Three (maybe four) years ago I became really at home in Penguin. My friends would drop in and the gang would all be there, just like in Cheers. Owner Butch Aldana would be on one corner, conversing with his musician friends. Tending the bar was the duo of Vic and Richard, who are always — always — happy to see you. Vic created these gorgeous tie-dye and Salvador Dali lampshade cum candle-boxes, while Richard silk-screened shirts with quirky designs.
I wrote these words many moons ago:
“Some of my best recollections about my favorite bands happened in Penguin. Lourd and Radioactive Sago covered Anakbayan’s Jeepney Rock. Upon my request, Johnny Alegre with Colby dela Calzada and Mar Dizon did a reading of Pat Metheny’s Bright Size Life — which was technical ecstasy.

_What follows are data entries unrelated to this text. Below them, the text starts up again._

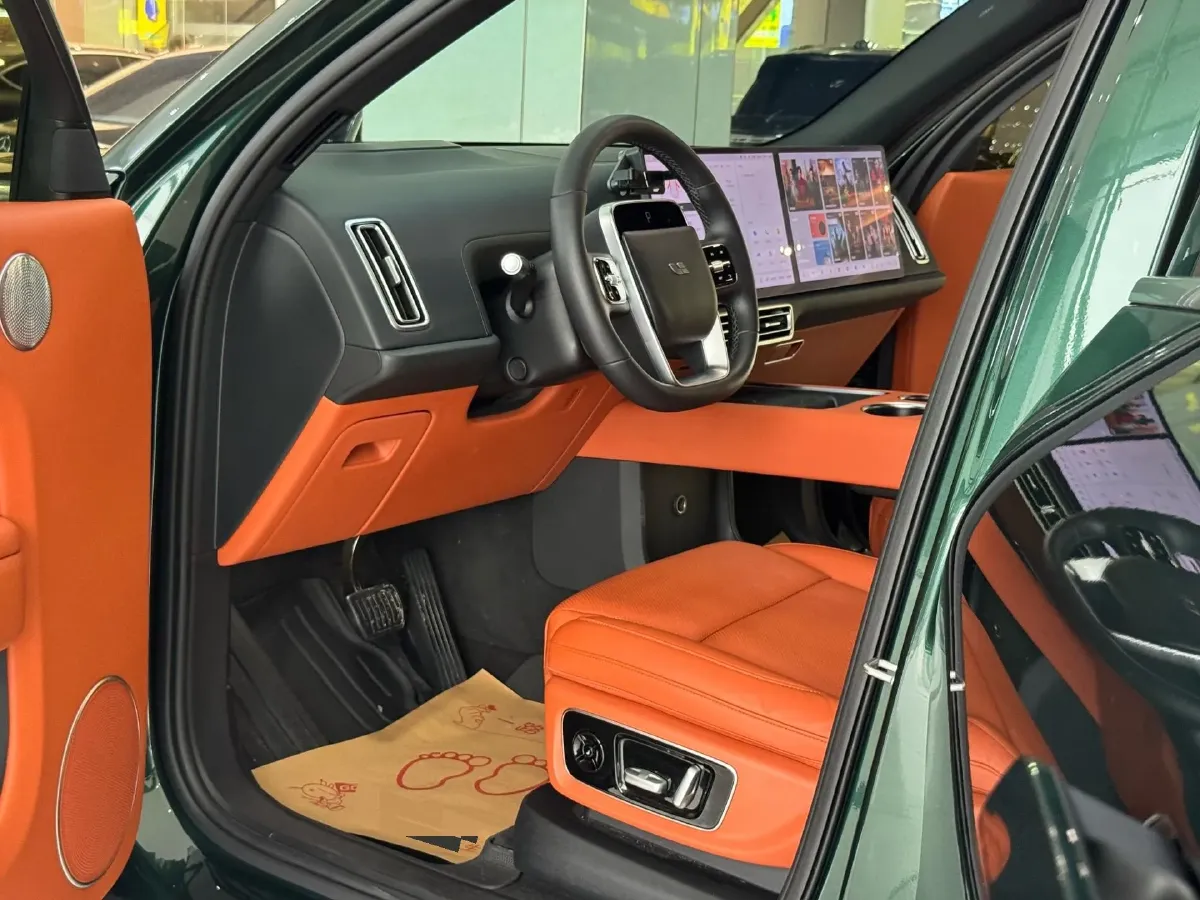 2023 Li L8 Range Extended 154HP REEV 40.9KWH,autocango,china used car exporter,china ev exporter,chinese used car exporter,chinese used ev exporter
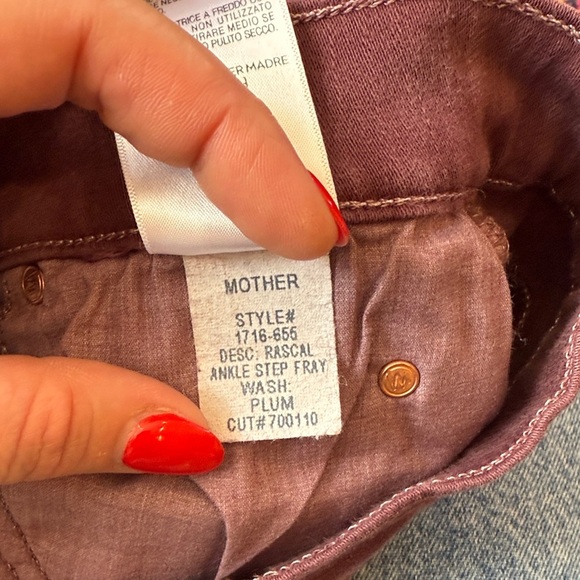 MOTHER Ankle Cropped Jeans in Deep Burgundy - Picture 5 of 10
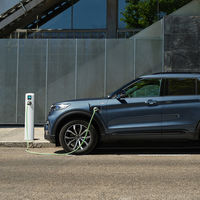 El Ford Explorer híbrido enchufable desembarca en Europa, por ahora en Alemania y desde 74.000 euros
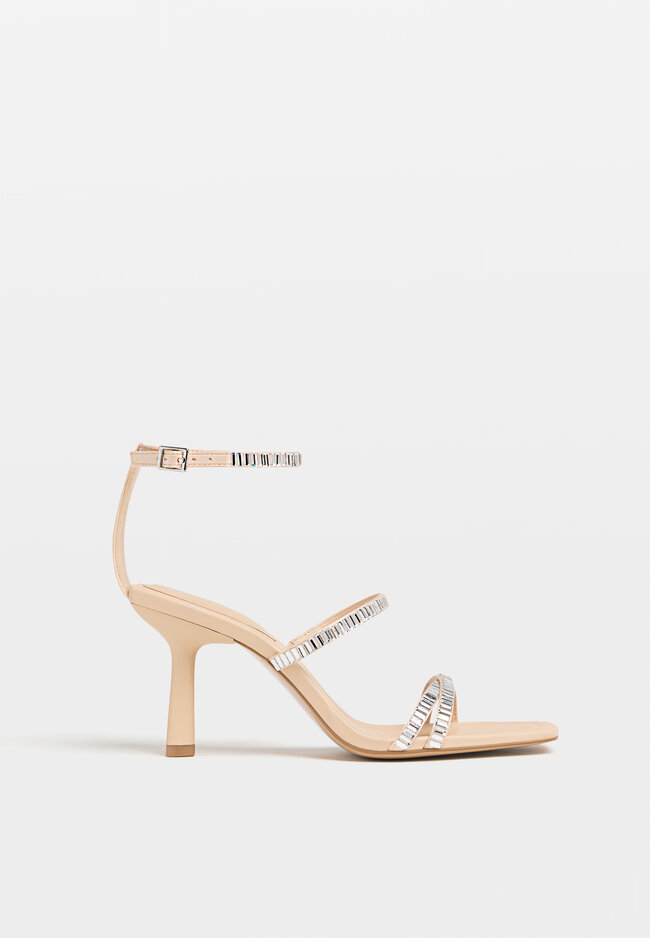 

Stradivarius Sandalen mit Absatz und Schmucksteinen an den Riemchen. BEIGE 39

It was such a joy to watch Johnny with his scowls, grimaces and jaw-dropping guitar-work. Lirio Salvador and Elemento with their Sandata pieces did one hallucinogenic jam ending with Bob Dylan’s It Ain’t Me Babe. And guitarist Noli Aurillo played Steely Dan’s Any Major Dude. All the melodies and harmonies created by piano, guitars, bass and probably angular banjoes were recreated by Noli with one Takamine acoustic, plucking and strumming his way into the pantheon of guitar gods, his spidery fingers across the fretboard. Aw, aw, aw! Get these things at Penguin: cheap beer, sausages with just the right spice, a view of engaging and agitating art, and Original Pilipino Music played with edginess and shambolic brilliance.”
What were actually the last orders at Penguin on the bar’s fateful last night on 604 Remedios Street? Was it Richard’s alchemical Kahlua tequila mix that onetime left me reeling like an albatross on acid? I managed to trudge home not knowing who I was and what the hell I was doing there. Did Ole Torbergsen the Norwegian regular buy a round of drinks for everyone? Did Ronnie Lazaro, Pinikpikan’s Billy Bonnevie, or Lav Diaz show up with illuminations tangled in their hair? Did the strange gravely woman (who never said a word until she saw Scott Garceau and suddenly transformed into Smiley Cyrus) sit at the bar and order her favorite Pale? Did anybody turn off the television set that beamed the eternal Mao? Were you there?
Before the final curtain was drawn, Noli performed Michael Jackson and Steely Dan medleys. Never have I heard a guitar played that way — and I have seen John McLaughlin and Tuck Andres in gigs. (I’m not saying Noli is better, only he’s different.) In one passage you could almost hear Walter Becker harmonizing with Donald Fagen.
That was the night of the expanding man.
Then Emy Fortuno sang a Rolling Stones number with Noli, You Can’t Always Get What You Want. A fitting epitaph for a place on the scrap of land in Malate that we hoped would stay there forever.
Ah, this void created by Penguin. What I would miss the most — well, aside from hearing Noli Aurillo pluck the whole orchestral parts of The Beatles’ A Day in the Life, or Jayman Alviar’s persistent drumming in whatever group, as well as chatting with French, Spanish and Australian expatriates working wonders in art institutions and NGOs — are the people who make the place happen. Vic Mateo. Richard Cabig. Alex “Master Idol” de los Santos. Billy Flores. Yul who let us in for free on gig nights. Muses Cecile and Farge. Just the whole damn team.
So long, and thanks for all the fish crackers.